In my opinion the name sounds a lot scarier than it really is. It might just be me, but the words “human” and “contract” ooze creepiness and give me visions of living as a sex slave for the rest of my life. Fortunately for me, thats not the case here.
Human capital contracts are the newest resource in paying for higher education. Basically, investors (companies) would agree to pay for your education in return for a percentage of your future income over a fixed period of time which is scaled to your wages. Unlike loans, you are essentially using your education as collateral, betting on yourself and your abilities. Meaning the more you earn, the more the investor will take. The flip side being, the less you make, the less they are entitled to.

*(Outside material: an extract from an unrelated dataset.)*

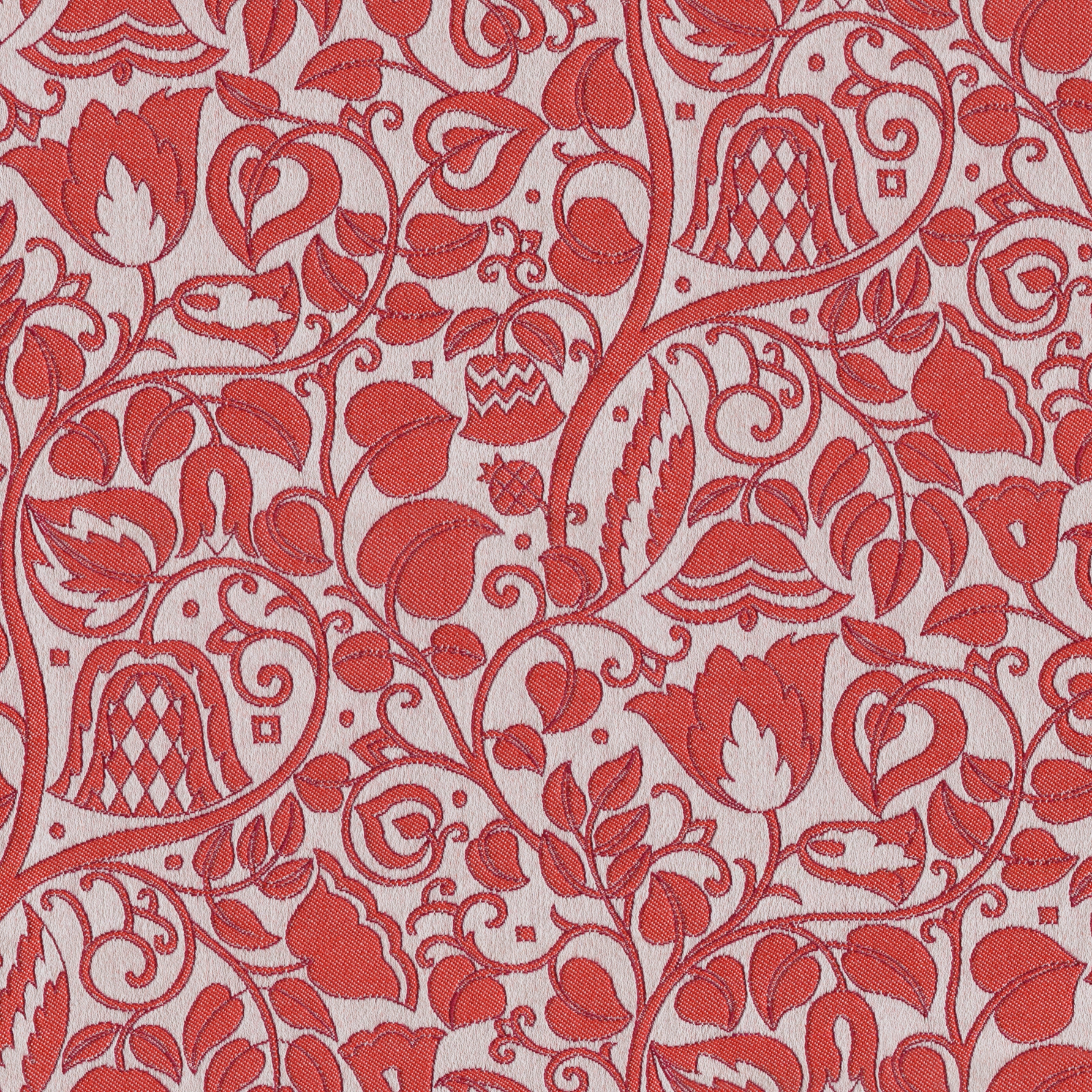 Blumengarten MD411A03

Of course, anything dealing with finance and debt and signatures makes me hyperventilate, so naturally I had some questions. The most important ones being, “What do I stand to gain?” “Why are investors interested in my education?” And, of course, “Will I end up chained to a radiator in the basement if I don’t get a job?”
Here’s what I found:
Human capital contracts are set up as a potential win-win for investors and students. The risk is transferred from students to investors but still draws investors in because they could potentially gain more than they would on a traditional loan (which earn investors money through interest charges). This idea could potentially open the market up, as it is no secret that in today’s economy loans are limited due to rising costs and government funding is rapidly being withdrawn. But with this new alternative more kids could finish college and become productive members of society.
Unsurprisingly, with any good idea there are some drawbacks. These drawbacks mostly surround investors, but students should be aware of what they are getting into as well. The biggest issue right now seems to be getting students who are potentially interested in higher paying jobs (doctors, lawyers, future millionaires etc.), to balance out lower income jobs (starving artists, writers, non-profits, and, um, me) because these are the students who will earn investors money. Admittedly, I was wrong with my whole sex slave theory, but critics are saying that this agreement resembles a form of indentured servitude because you are in some ways owning a piece of someone else… but the same could be said about traditional loan arrangements, right?
What do you think? Would you be interested in human capital contracts to pay for school?